BEGIN INFORMATION

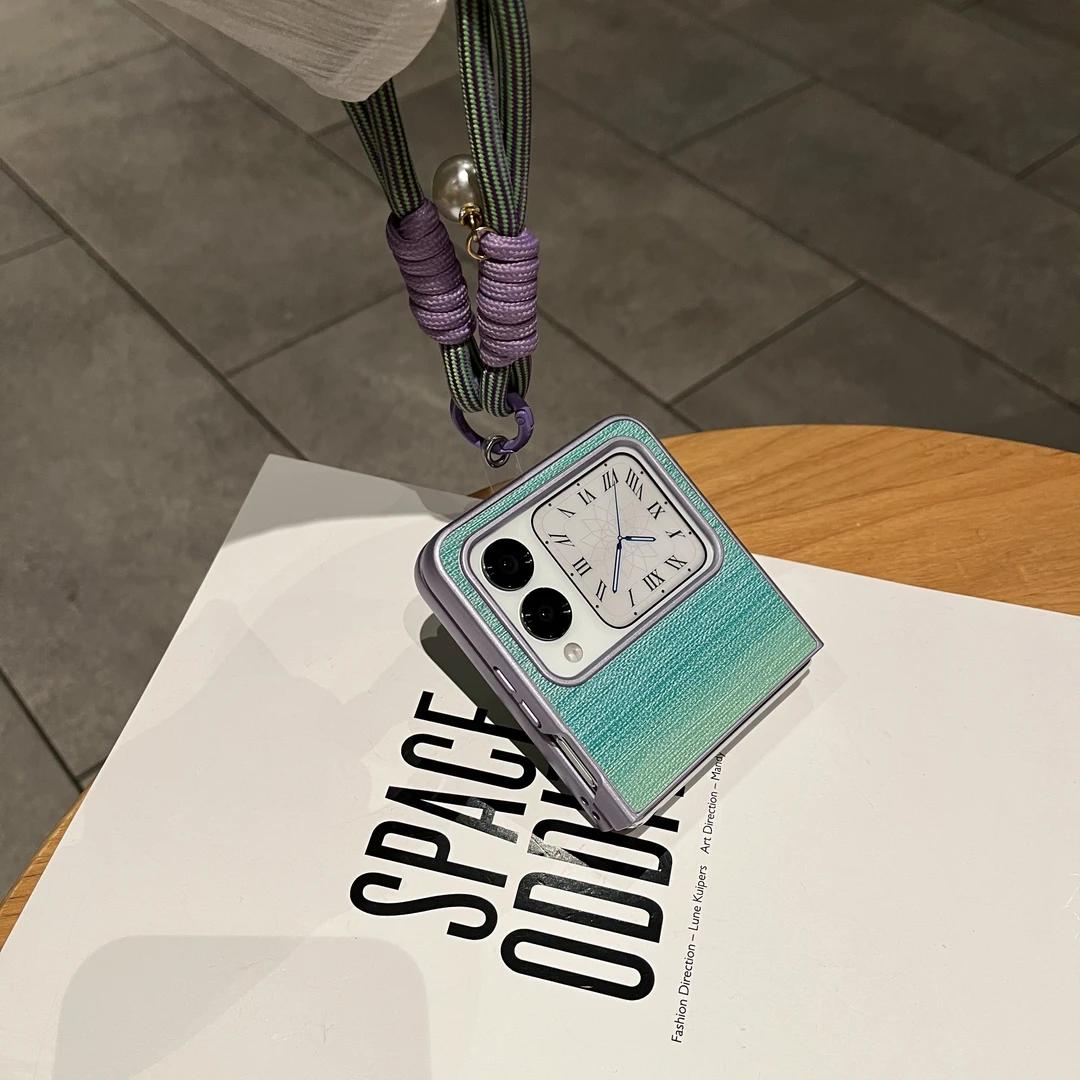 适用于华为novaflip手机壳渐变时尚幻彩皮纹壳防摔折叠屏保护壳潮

END INFORMATION
BEGIN INFORMATION

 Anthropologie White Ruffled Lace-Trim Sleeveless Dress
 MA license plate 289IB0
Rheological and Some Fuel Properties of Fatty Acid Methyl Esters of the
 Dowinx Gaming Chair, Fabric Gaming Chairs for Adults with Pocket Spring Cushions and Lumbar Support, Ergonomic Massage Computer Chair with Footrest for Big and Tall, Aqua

END INFORMATION
BEGIN INFORMATION

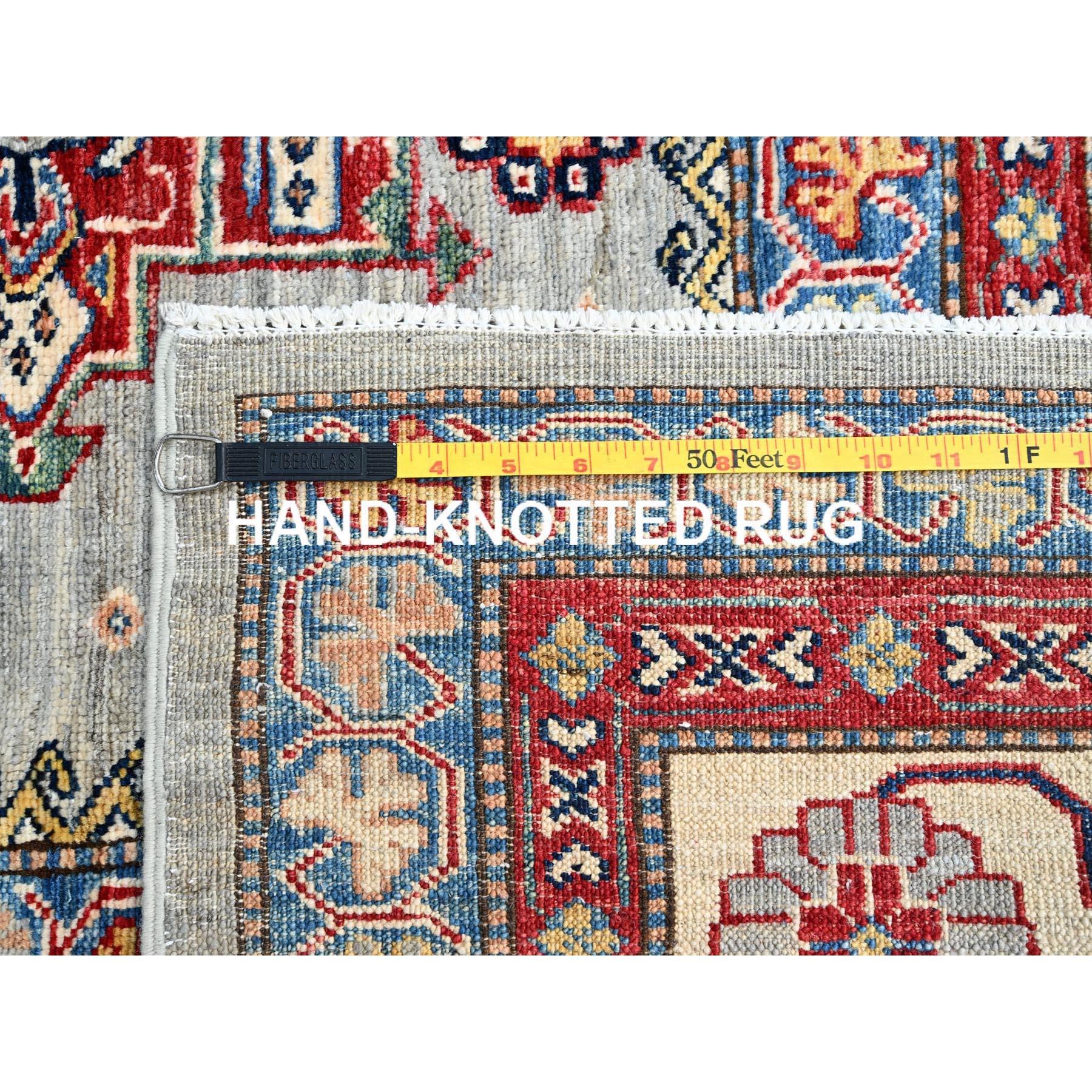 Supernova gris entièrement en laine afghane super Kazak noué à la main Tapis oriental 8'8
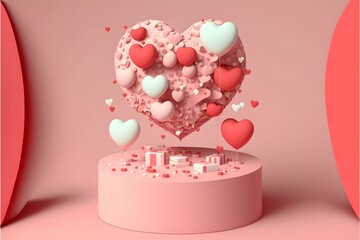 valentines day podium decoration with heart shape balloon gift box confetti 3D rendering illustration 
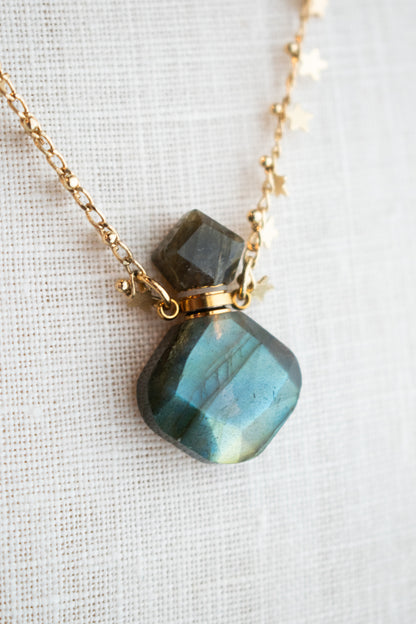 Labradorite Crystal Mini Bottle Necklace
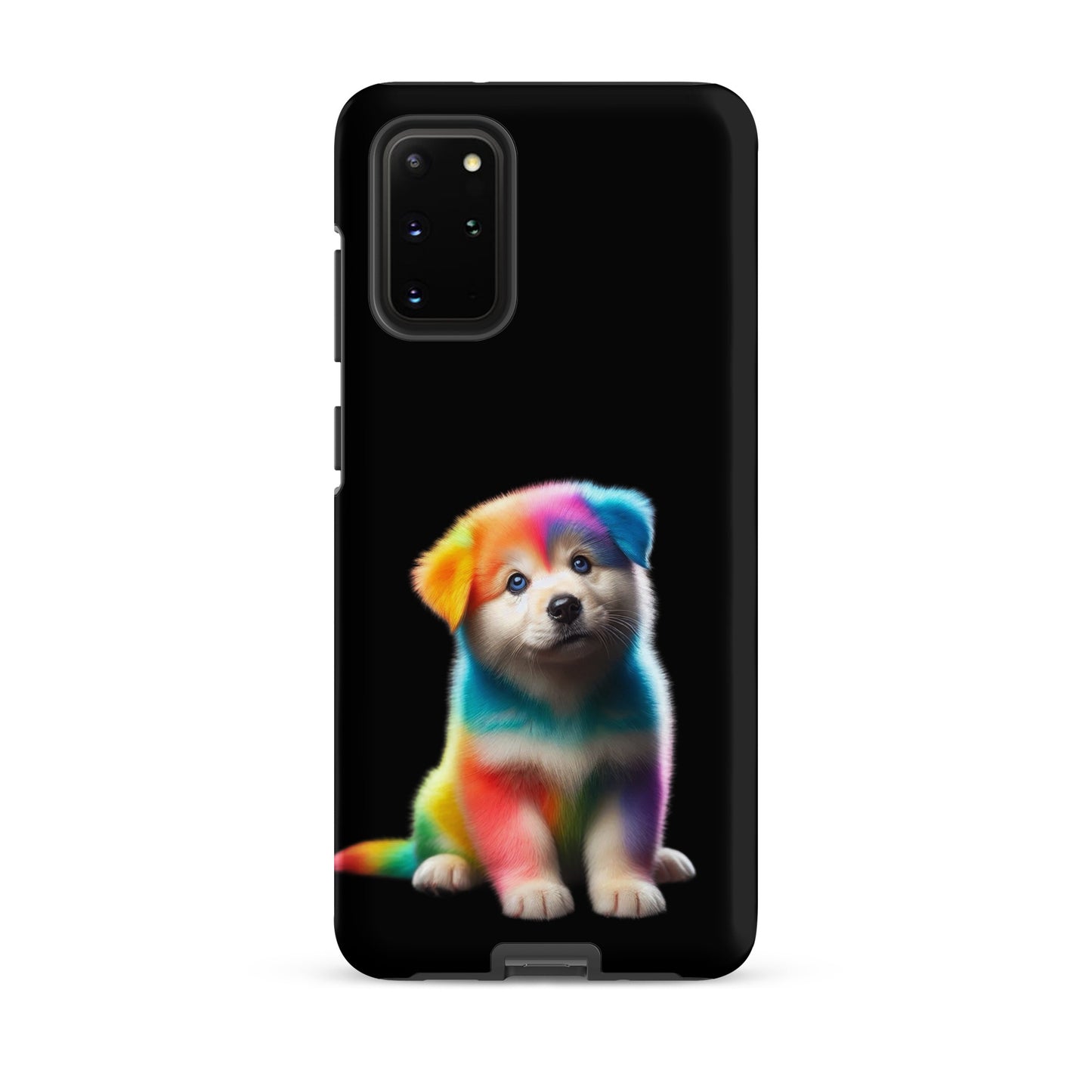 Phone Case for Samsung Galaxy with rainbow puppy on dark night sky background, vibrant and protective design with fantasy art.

END INFORMATION

Quote the data above from the line containing "Anthropologie White Ruffled" to the line containing "Dowinx Gaming Chair, Fabric", inclusive, and stop.

 Anthropologie White Ruffled Lace-Trim Sleeveless Dress
 MA license plate 289IB0
Rheological and Some Fuel Properties of Fatty Acid Methyl Esters of the
 Dowinx Gaming Chair, Fabric Gaming Chairs for Adults with Pocket Spring Cushions and Lumbar Support, Ergonomic Massage Computer Chair with Footrest for Big and Tall, Aqua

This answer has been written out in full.